London, U.K. --- (METERING.COM) --- October 6, 2008 - The number of U.K. households in fuel poverty increased to approximately 3.5 million in 2006, up by about 40 percent from 2005, according to the government’s latest fuel poverty strategy progress report.
Of these almost 80 percent were classified as vulnerable, i.e. containing an elderly person, a child or someone who is disabled or suffering from a long term illness.
Fuel poverty is defined as needing to spend more than 10 percent of the household income on fuel and in particular for heating the home to an adequate level.
This increase in fuel poverty is attributed principally to increases in consumer energy prices. The overall cost of energy to domestic consumers rose by 22 percent in real terms between 2005 and 2006, with gas prices rising by 29 percent and electricity prices rising by 19 percent.
Furthermore these numbers are projected to have increased subsequently.

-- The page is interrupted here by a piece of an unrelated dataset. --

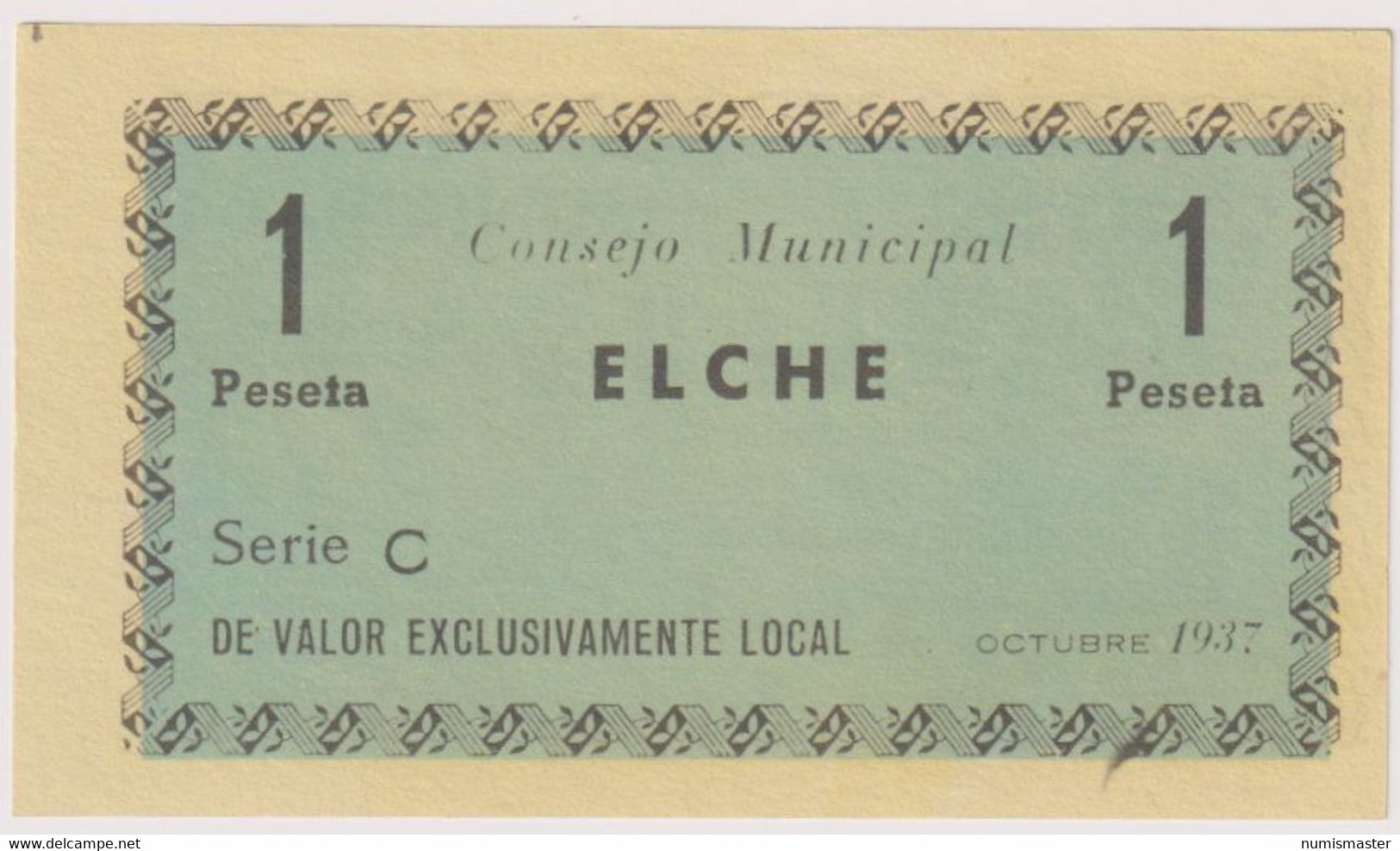 SPAIN , ELCHE ,1 PESETA 1937 AUNC - Otros & Sin Clasificación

In England in 2006 the number of households in fuel poverty was estimated around 2.4 million and is projected to have increased by 0.7 million households in 2007 and a further 0.5 million during the current year.

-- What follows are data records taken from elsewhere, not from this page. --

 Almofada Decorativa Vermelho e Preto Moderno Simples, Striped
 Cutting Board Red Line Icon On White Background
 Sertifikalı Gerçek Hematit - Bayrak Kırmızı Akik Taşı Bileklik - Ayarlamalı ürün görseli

In the report the government says it has in place a range of programs and measures to address rising energy prices, as well as the other two main factors leading to fuel poverty, namely home energy efficiency and household income. This includes a £1 billion package for energy efficiency improvements in homes and winter fuel payments to people aged 60 and over. The energy companies also have obligations to spend £2.8 billion over the next three years helping customers save energy, and the government is proposing legislation to require a further £910 million commitment towards making homes more energy efficient.

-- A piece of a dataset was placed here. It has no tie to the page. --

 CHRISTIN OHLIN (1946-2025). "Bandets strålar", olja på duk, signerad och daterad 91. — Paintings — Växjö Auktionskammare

“Programs are in place, funding is available and we will continue to do everything we can to help people save money and save energy, both this winter and for the years ahead,” said environment secretary Hilary Benn, who following the release of the report was set to hold meetings with energy suppliers and the home insulation industry to discuss how to speed up work on increasing energy efficiency in U.K. homes.
The report says that of the 2.4 million fuel poor households in England, an estimated 750,000 could be lifted from fuel poverty by switching to the best supplier deal available to them.